**TASK TO COMPLETE:** Write out again the entries from the first line to the line that includes "Globos ballons confettis", keeping both of those lines.

[Collection entries]
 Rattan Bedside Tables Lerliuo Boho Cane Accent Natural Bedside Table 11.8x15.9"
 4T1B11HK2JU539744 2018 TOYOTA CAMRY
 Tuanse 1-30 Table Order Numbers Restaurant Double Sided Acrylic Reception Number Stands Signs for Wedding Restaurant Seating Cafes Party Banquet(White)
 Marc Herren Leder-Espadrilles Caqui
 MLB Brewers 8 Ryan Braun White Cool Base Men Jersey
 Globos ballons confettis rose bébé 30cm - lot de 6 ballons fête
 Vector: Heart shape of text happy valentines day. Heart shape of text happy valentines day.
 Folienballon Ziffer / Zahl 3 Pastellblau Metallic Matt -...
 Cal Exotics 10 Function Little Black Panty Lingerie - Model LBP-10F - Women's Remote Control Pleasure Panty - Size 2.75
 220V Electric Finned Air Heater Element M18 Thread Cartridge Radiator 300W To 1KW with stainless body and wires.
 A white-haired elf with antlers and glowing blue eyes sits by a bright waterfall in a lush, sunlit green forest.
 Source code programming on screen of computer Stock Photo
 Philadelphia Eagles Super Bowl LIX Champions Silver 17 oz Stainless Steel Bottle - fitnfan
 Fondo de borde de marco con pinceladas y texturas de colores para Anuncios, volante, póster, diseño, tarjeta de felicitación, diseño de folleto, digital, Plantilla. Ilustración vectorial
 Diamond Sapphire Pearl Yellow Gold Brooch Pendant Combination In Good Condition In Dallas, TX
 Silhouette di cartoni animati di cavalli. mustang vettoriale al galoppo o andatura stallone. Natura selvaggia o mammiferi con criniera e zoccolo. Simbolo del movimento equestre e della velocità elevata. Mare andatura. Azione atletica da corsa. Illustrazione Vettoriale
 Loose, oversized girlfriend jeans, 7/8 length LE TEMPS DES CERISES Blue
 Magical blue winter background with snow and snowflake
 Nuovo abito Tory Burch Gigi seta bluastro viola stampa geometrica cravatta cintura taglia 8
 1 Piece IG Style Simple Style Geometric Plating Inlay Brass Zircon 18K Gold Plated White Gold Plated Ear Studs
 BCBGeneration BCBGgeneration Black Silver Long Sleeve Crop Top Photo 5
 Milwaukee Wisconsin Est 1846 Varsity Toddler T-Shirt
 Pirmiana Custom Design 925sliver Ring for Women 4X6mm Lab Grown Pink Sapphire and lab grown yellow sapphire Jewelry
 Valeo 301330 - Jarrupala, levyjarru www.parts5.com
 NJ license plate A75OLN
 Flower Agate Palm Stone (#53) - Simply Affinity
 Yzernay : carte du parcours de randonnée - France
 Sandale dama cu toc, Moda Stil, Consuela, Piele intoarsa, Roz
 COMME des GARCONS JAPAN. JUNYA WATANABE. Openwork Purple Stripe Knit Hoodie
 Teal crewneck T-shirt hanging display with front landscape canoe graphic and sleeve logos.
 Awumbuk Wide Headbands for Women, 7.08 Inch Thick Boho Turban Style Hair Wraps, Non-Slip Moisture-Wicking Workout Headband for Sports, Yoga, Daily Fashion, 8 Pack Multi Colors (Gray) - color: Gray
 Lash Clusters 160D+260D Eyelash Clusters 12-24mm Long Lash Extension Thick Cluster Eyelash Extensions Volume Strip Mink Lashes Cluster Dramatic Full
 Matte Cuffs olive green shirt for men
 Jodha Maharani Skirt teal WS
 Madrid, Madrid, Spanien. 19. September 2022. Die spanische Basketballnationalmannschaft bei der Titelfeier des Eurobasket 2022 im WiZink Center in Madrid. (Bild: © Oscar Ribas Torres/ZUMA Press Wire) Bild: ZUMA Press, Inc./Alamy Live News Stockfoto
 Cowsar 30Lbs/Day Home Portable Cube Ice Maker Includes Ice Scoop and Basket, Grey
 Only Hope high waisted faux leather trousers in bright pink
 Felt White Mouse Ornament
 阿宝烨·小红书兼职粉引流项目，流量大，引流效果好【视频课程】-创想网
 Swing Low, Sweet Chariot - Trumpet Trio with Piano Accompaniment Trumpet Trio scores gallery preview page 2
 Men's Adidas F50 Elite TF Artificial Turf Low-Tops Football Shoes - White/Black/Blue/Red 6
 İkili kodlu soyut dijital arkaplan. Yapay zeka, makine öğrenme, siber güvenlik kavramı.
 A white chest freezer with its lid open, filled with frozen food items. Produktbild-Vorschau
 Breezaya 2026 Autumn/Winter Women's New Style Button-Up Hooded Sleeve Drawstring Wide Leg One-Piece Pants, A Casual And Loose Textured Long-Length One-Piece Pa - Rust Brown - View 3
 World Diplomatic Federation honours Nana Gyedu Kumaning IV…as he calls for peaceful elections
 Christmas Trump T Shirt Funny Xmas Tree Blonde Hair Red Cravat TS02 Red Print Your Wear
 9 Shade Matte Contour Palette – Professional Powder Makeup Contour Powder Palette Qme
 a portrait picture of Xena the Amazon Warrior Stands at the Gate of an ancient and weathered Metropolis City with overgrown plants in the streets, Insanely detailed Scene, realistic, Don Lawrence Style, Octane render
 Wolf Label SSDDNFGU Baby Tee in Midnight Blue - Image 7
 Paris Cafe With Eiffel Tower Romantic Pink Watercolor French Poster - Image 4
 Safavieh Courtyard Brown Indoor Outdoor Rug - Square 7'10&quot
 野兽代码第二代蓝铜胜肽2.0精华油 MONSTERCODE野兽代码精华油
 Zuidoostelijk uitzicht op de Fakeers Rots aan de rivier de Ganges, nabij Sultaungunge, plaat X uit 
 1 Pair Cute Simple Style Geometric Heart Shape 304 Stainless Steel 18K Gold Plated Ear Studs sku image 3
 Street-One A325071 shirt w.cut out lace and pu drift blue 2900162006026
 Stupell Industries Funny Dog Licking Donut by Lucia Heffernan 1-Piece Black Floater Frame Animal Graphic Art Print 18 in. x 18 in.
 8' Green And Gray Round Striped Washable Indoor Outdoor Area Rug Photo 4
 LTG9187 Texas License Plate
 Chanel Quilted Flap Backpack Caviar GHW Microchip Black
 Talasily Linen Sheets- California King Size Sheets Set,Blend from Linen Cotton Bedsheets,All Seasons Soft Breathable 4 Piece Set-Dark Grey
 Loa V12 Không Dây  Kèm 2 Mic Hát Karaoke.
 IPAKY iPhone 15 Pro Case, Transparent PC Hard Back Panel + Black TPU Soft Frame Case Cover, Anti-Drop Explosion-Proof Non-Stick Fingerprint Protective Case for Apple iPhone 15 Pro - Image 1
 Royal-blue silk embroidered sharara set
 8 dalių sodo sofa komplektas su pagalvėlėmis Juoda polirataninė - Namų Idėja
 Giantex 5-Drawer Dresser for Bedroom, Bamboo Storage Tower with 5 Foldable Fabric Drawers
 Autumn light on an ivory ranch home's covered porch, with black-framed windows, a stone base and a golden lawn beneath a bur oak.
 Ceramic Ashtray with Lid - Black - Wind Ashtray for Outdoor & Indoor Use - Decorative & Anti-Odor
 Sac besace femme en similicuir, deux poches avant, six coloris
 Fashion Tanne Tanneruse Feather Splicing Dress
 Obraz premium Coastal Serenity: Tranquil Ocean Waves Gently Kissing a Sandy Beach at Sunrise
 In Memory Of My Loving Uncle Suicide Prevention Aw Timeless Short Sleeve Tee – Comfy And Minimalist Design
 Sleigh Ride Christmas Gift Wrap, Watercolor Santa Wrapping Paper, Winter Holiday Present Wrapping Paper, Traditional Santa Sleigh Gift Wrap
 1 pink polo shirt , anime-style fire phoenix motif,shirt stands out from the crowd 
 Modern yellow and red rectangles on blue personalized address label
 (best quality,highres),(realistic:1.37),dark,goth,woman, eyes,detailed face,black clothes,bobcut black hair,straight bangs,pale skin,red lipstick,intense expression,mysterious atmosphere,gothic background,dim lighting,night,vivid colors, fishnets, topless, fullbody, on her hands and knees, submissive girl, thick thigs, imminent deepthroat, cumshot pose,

**FINISHED TASK:**
 Rattan Bedside Tables Lerliuo Boho Cane Accent Natural Bedside Table 11.8x15.9"
 4T1B11HK2JU539744 2018 TOYOTA CAMRY
 Tuanse 1-30 Table Order Numbers Restaurant Double Sided Acrylic Reception Number Stands Signs for Wedding Restaurant Seating Cafes Party Banquet(White)
 Marc Herren Leder-Espadrilles Caqui
 MLB Brewers 8 Ryan Braun White Cool Base Men Jersey
 Globos ballons confettis rose bébé 30cm - lot de 6 ballons fête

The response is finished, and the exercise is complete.